Depending on a person’s symptoms, doctors can prescribe one or more of the following medications:
- Some medications are used to combat mood disorders, depression, and irritability. Citalopram (Celexa), fluoxetine (Prozac), paroxetine (Paxil), and sertraline are among them (Zoloft).
- Alprazolam (Niravam, Xanax), buspirone (BuSpar), lorazepam (Ativan), and oxazepam are some of the drugs that can assist with anxiety and restlessness (Serax).
- To relieve confusion, aggression, agitation, or hallucinations (seeing, hearing, or experiencing things that aren’t there), doctors can prescribe medications. Aripiprazole (Abilify), brexiprazole (Rexulti), haloperidol (Haldol), and olanzapine are some of the medications available (Zyprexa). It’s worth noting that some of these “antipsychotic medications" have been attributed to an increased rate of mortality of dementia patients. These medications have a “black box" alert from the FDA that describes these issues. They can, however, be helpful to a wide range of individuals.

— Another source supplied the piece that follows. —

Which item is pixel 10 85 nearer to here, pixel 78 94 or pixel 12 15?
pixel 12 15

Many people have looked at alternatives to medicine for treating Alzheimer’s disorder and its effects. The science about why they function is inconclusive.
Vitamin E: This antioxidant was once assumed to shield nerve cells from injury. However, since there is no proof that it functions, many physicians no longer prescribe it for patients with Alzheimer’s disease.
Hormone replacement therapy (HRT): Women who take oestrogen replacement medication during menopause were once believed to have a reduced chance of Alzheimer’s disease, according to reports. Estrogen, a female hormone, was believed to help nerve cells interact with one another and prevent plaques from forming within brain cells. However, more recent research has shown that HRT is inefficient, and one study also found that oestrogen usage may increase rather than reduce the risk of Alzheimer’s disease. HRT can also raise the likelihood of cardiac disease, stroke, and breast cancer.
Art and music therapy: According to some studies, these therapies that activate the senses may help people with Alzheimer’s disease enhance their mood, behaviour, and day-to-day functionality. Art and music will help people reconnect with their environments and activate memories.
Supplements: To avoid or cure Alzheimer’s disease, several people have sought alternative treatments such as coenzyme Q10, coral calcium, huperzine A, and omega-3 fatty acids. There isn’t enough evidence to say whether they work or not.
Supplements are not controlled by the FDA in the same manner as medications are, and supplement makers are not forced to prove that their goods are healthy or successful before distributing them. Some drugs may often have adverse side effects or hinder other medicines from functioning properly. Always consult the doctor before beginning to use one.